Ancient Corals Record Ocean Turmoil

In corals dredged from the bottom of the North Atlantic, scientists have found evidence of a drastic shift in deep currents 15,000 years ago, as the last Ice Age began to wane. The finding, reported in today’s Science, marks the first time oceanographers have been able to clock currents flowing through the ancient ocean and supports the idea that changes in climate can suddenly shift ocean circulation.

Deep-sea sediments hold chemical clues that suggest how water flowed in the ancient ocean, but the deposits are too jumbled to reveal exactly when any shifts in currents might have taken place. But in 1993, oceanographer Edward Boyle of the Massachusetts Institute of Technology (MIT), in Cambridge, and Jess Adkins, then his student, realized that carbon-14 levels in small corals that grow in the deep sea might hold a more detailed record of circulation.
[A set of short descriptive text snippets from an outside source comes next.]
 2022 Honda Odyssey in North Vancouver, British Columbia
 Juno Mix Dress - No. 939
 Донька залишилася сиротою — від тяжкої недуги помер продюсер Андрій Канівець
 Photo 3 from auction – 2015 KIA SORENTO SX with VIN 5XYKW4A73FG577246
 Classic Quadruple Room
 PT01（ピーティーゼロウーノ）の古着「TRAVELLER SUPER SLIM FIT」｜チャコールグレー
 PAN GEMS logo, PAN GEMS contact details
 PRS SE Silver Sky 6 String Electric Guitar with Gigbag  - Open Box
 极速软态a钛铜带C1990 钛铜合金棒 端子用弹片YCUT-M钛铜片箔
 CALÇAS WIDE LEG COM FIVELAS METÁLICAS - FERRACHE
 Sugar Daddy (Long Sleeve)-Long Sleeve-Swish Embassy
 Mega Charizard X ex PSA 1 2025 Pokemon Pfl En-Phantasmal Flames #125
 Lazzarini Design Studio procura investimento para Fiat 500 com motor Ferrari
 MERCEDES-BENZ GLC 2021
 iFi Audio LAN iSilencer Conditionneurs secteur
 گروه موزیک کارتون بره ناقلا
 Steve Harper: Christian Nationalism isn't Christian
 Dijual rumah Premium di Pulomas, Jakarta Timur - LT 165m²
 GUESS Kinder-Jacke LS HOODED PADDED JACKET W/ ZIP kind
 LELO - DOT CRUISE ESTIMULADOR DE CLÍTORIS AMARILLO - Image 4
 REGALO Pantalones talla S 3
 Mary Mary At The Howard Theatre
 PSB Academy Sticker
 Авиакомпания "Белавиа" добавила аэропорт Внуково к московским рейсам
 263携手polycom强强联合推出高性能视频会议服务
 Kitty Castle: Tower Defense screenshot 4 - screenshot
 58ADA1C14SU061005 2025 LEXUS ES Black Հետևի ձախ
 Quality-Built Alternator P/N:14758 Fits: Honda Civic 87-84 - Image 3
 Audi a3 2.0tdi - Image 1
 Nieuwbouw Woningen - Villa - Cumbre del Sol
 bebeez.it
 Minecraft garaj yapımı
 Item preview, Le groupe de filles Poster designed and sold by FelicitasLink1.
Cosmic rays create radioactive carbon-14 in the atmosphere, which is absorbed by the water on the ocean’s surface. The abundance of carbon-14 in seawater declines as soon as surface water sinks, so the isotope abundance serves as a kind of clock that records how long ago water left the surface.

Boyle and Adkins, now at Lamont-Doherty Earth Observatory in Palisades, New York, looked at four samples of coral that grew about 15,000 years ago in the western North Atlantic ocean. By measuring carbon-14 concentrations along the corals’ growth layers, the duo was able to tell how long it took water from the surface to wend its way down to the sea floor. They saw a sharp decline in carbon-14 abundance from the corals’ oldest parts to their youngest–a period of less than 160 years. Adkins thinks the higher carbon-14 concentrations were deposited by the so-called North Atlantic Deep Water, a large water mass that sinks nearby in the North Atlantic. The lower concentrations, he thinks, came from the far away Antarctic Bottom Water, which sinks in Antarctica. Much of the carbon-14 would have decayed away during its long journey.

The shift took place at a time when the ocean surface was starting to warm–an early sign that the ice age was losing its grip. “The corals are some of the first proof that the deep ocean can change very quickly” in response to climate, says Adkins. “The importance of these corals as climate recorders can’t be overemphasized,” adds coral expert Michael Risk of McMaster University in Hamilton, Ontario.